Approach and Process

In October 2014, at the VPA’s annual meeting in Washington, DC, US, several among us decided that, in anticipation of the 2030 Agenda, and knowing the prominence that the violence prevention theme would take, the VPA as leaders in the field should publish a special journal issue in response. Drawing on its unique forum of practitioners, policymakers, and scholars, the Guest Editors put forth a call for abstracts in a similar manner as previous journal special issues 23 and received forty-four. Conversations with the Journal of Public Health Policy (JPHP) began in November 2014, leading to a personal meeting in October 2015 and mutual enthusiasm for the topic. The Guest Editors formed an abstract selection committee from among VPA volunteers to score the abstracts, ranked them, and selected the top eleven for peer review. In a manner slightly different from standard Issues of JPHP, the Guest Editors formed an article review committee, again consisting of volunteers from the VPA but representing a wide geographic area as well as a large range of expertise. The committee arranged for each article submission to undergo two reviews, and each reviewer completed one or two reviews. The top eight articles, apart from the introduction and the first invited article are what we present here.

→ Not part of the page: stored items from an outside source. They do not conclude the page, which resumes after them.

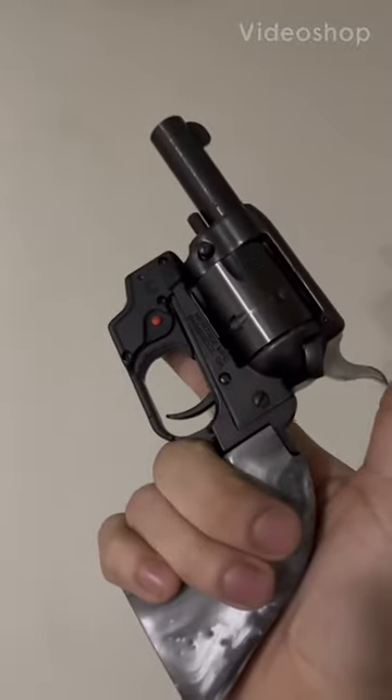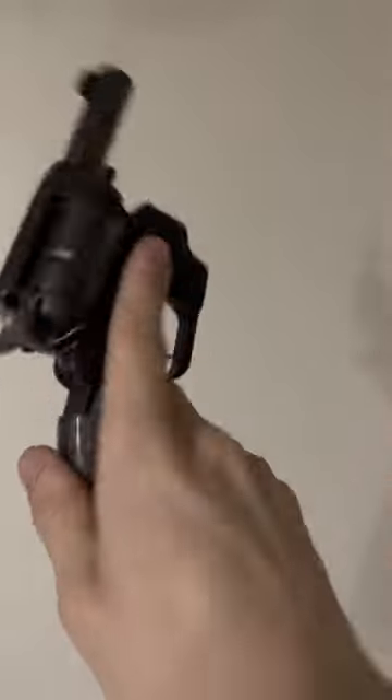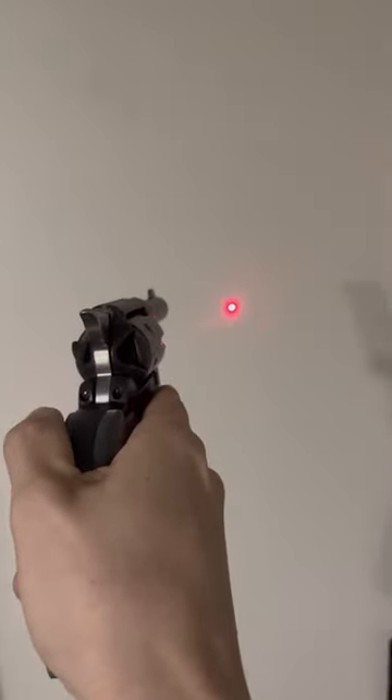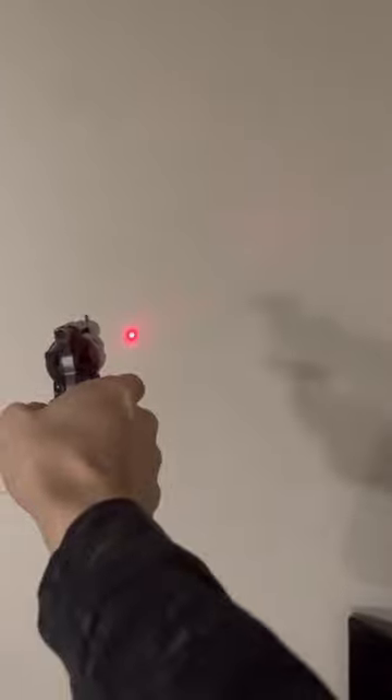What's up y'all, so this is the Heritage Barkeep with the brand new Viridian laser they just came out with. Y'all gotta go check them out — I got mine for like $75, I think it was originally like $135. Simple on and off. Like I said, y'all know me, I like to keep it simple. On and off, that's it.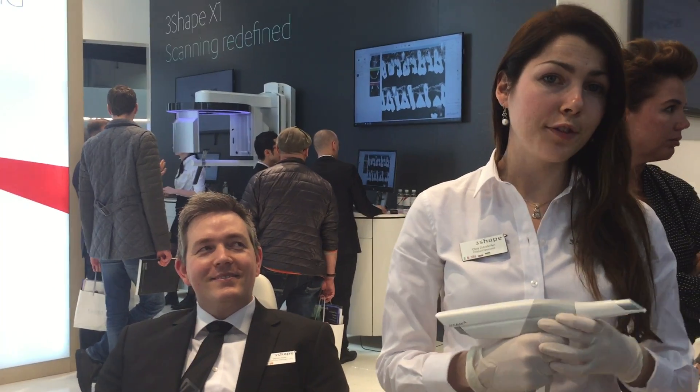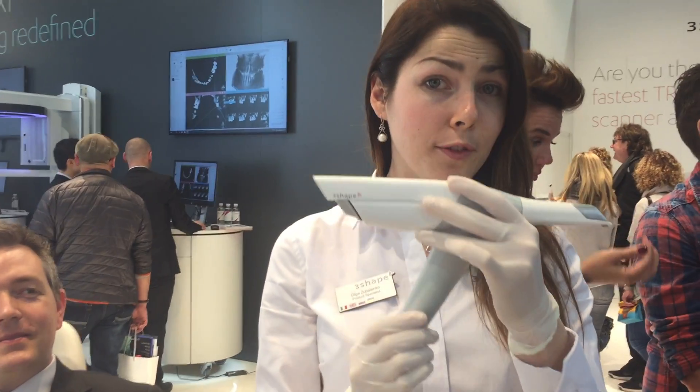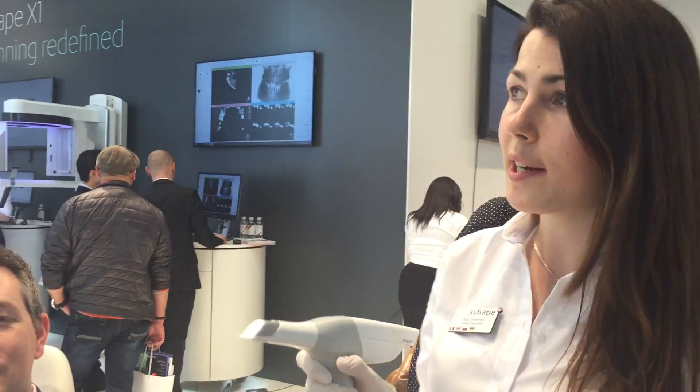Hello, my name is Olga, I work for 3Shape, and today I'm proud to introduce to you the world's first intraoral scanner wireless, which is the 3Shape solution. I will show you right now how it actually works.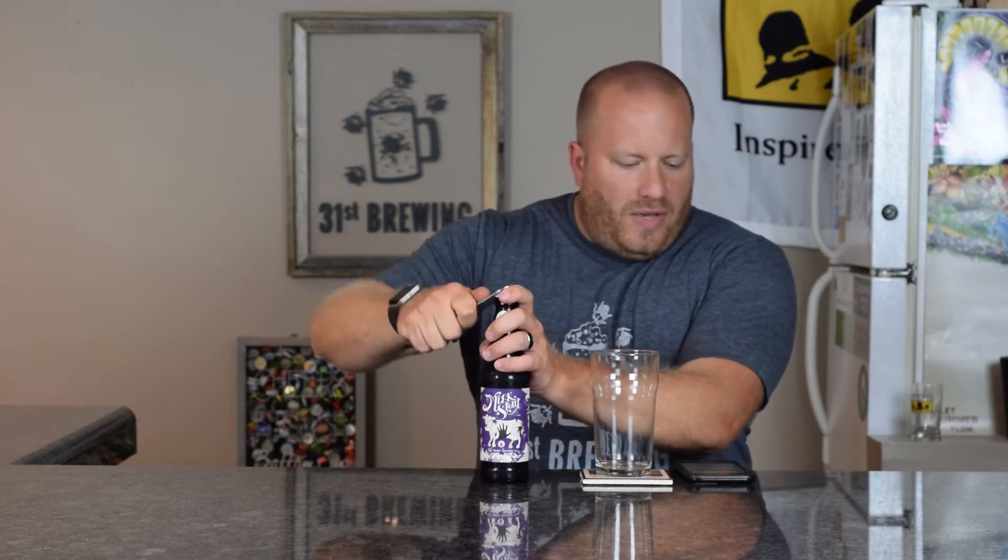Welcome back everyone. Today we're going to look at a beer from Left Hand Brewing. This is called Milk Stout. This is a 6% ABV and 25 IBUs.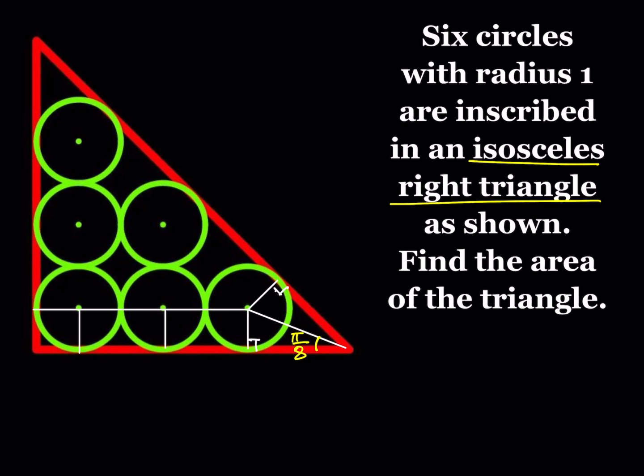We also know that the radius is 1, so all these radii are labeled as 1. That gives us more lengths: for example, this piece is going to be 1, this is going to be 2, and that's also going to be 2.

Authors revised the papers between November 2015 and May 2016, following receipt of reviewers’ comments. The Guest Editors edited the papers during April and May 2016 for quality assurance and compliance with JPHP guidelines, with the enormous help of the Editors-in-Chief. This Special Issue is also companion to a VPA special issue with the International Journal of Public Health,24 published simultaneously but which covers more scientifically oriented articles with an emphasis on the Global South.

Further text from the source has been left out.